Have you ever had a challenge trying on clothes? Well, take a look at this dilemma.
“I can’t believe it!” Jacob exclaimed trying on his new long sleeved team shirt for the track team.
“What’s the matter?” his friend Mattias asked.
“This shirt doesn’t fit and this always happens to me. I am going to figure out why!” Jacob said taking off the shirt where the sleeves were too short once again.
After Jacob’s anger had subsided, he started to think about this question. Was he the only one with this problem? Jacob decided to find out by measuring his peers’ heights and arm lengths. He used inches and create a table like this:
Now that Jacob has his data done, he needs to create a display. Which one should he create? Think about this question throughout this Concept and in the end, you will help Jacob create the appropriate display for his data.
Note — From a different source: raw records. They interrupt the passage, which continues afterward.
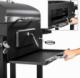 Tectake 402174 Grill ogrodowy węglowy 36 cm x 55 cm 7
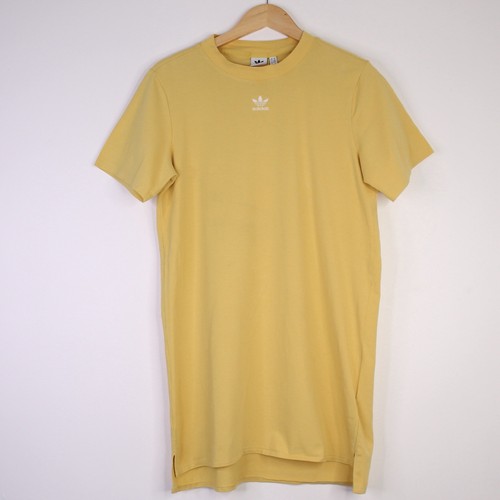 Adidas yellow shirt dress - t,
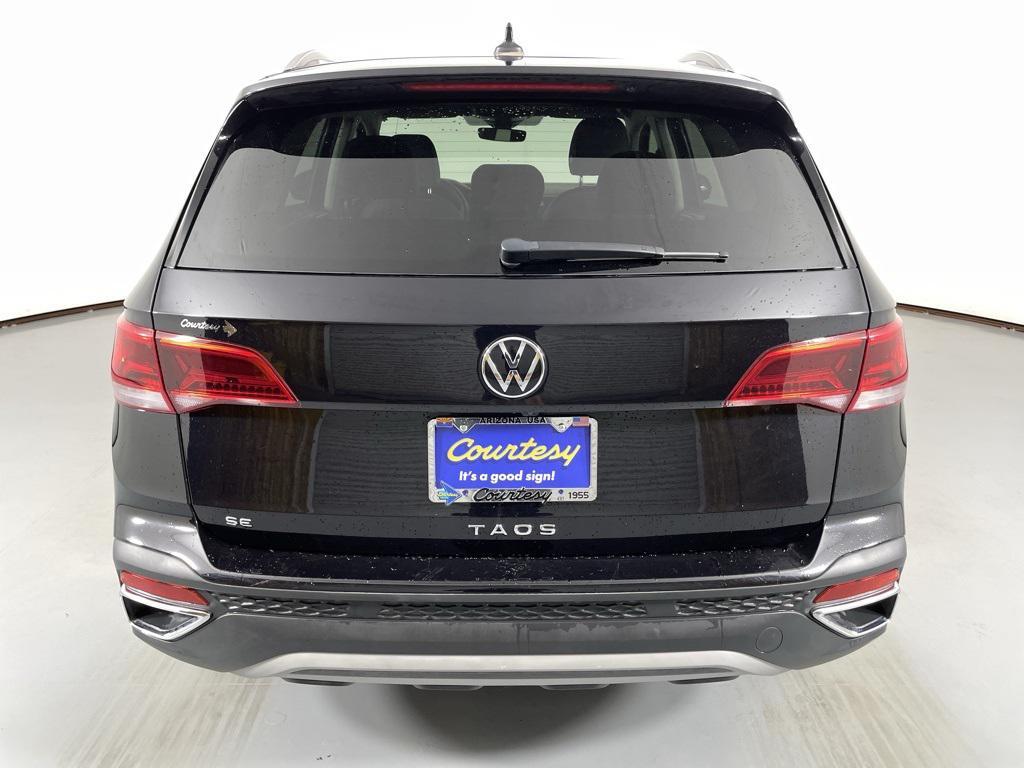 used 2024 Volkswagen Taos car, priced at $18,750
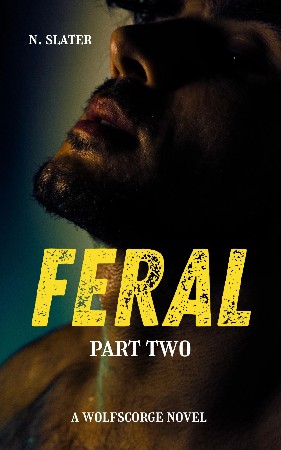 Cover: Feral Wolf - Caroline Peckham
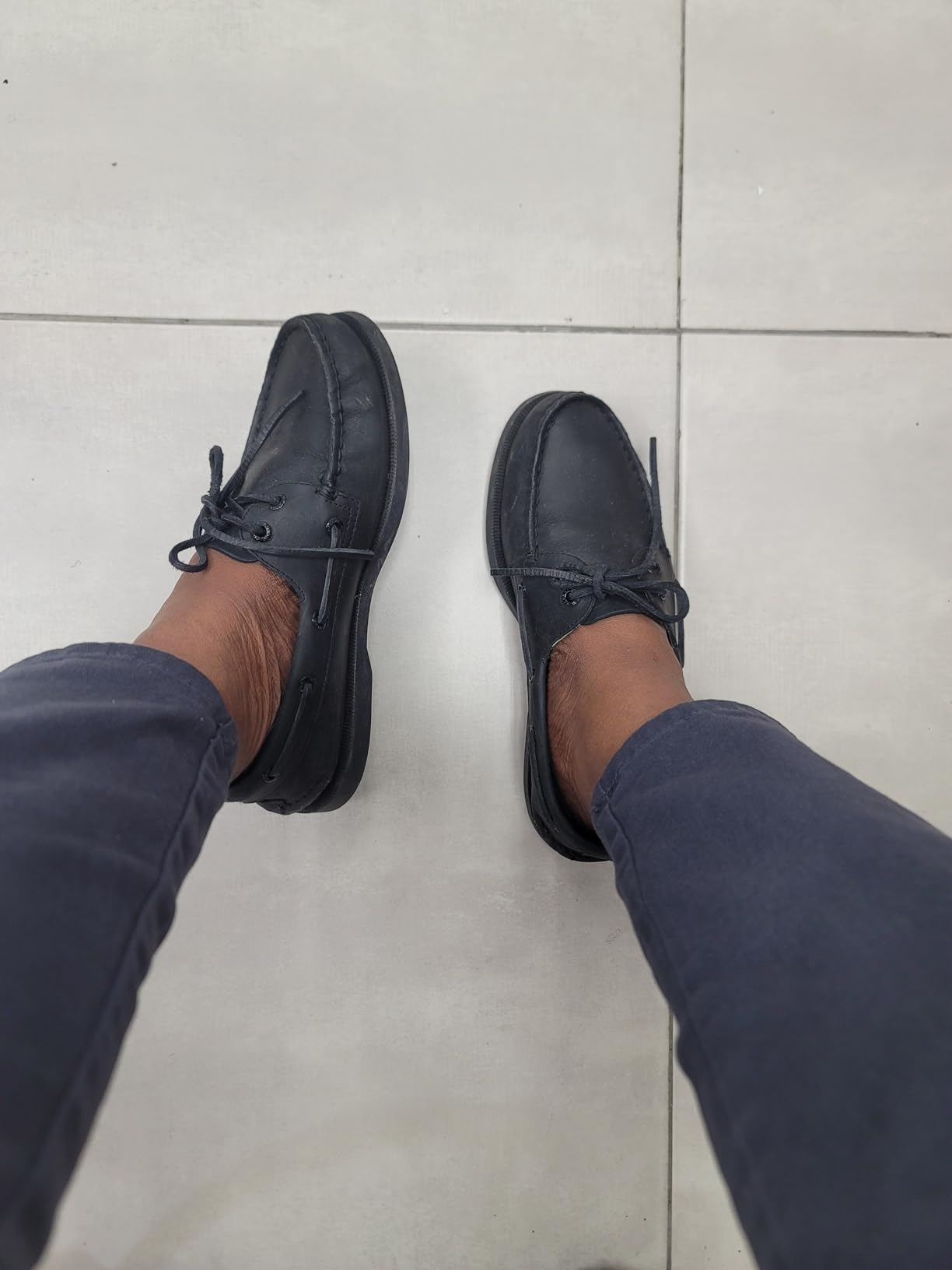 Men's Authentic Original 2-Eye Boat Shoe customer photo 1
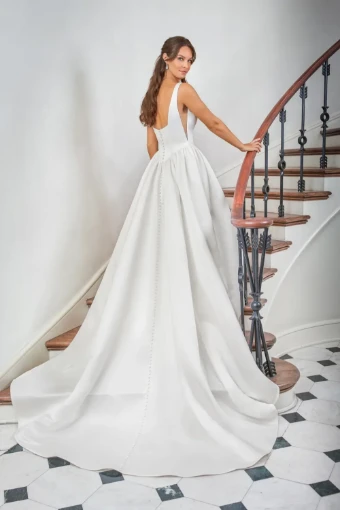 Jasmine Bridal Style #T282015 Andie #3 thumbnail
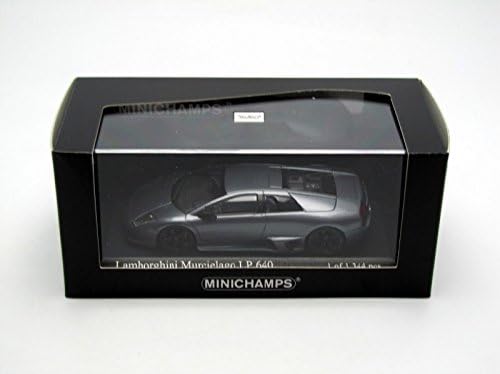 MINICHAMPS 400103920 - Lamborghini Murcielago LP 640, Massstab: 1:43, metallic grau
Data can exist in many forms. A frequent goal of collecting data is drawing conclusions based on the data. The best conclusions correspond with trends that the data shows. Depending on the data you have, certain types of displays are more appropriate or more effective than others. We must make good choices of displaying data in a logical way. Of course, in a world so full of data, it must be collected and organized carefully to aid in appropriate decision-making.
Sometimes two people look at the same graph and draw completely different conclusions. Graphs can show us many things but the conclusions that we draw based upon the graphs is oftentimes more a matter of opinion. The idea of graphs is, in part, to make inferences. Those inferences must be based on the data.
Take a look at this situation.
Some scientists from the EPA were studying the amount of dissolved oxygen in a lake over several weeks. This graph was created by the data they found.
They studied the graph and came up with the following conclusions:
- The amount of dissolved oxygen fluctuated over the 5 weeks.
- The average amount of dissolved oxygen has been about 110 parts per million over 5 weeks.
- The dissolved oxygen in Week 6 will be about 60 parts per million.
Do you agree with their conclusions?
The first two conclusions are clearly shown by the data. However, the prediction about Week 6, conclusion number 3, is not convincingly shown. The level of dissolved oxygen does seem to fluctuate and has gone slightly higher over time and then lower, but it is not enough evidence to be sure that the Week 6 dissolved oxygen will go even lower.
Here is another one.
The boss at an office took a survey of people’s preference for lunch because he wanted to treat the office to a lunch for the holidays. His data is shown below.
He ponders the following conclusions:
- A lot of people like Chinese food.
- Nobody likes Italian food.
- If I order sandwiches, then 80% of the staff will be unhappy.
- If I get some pizzas and some Chinese food, the majority will have their preference.
Do you agree with his conclusions?
According to the graph, Conclusion 1 is supported because the largest number of people selected Chinese food.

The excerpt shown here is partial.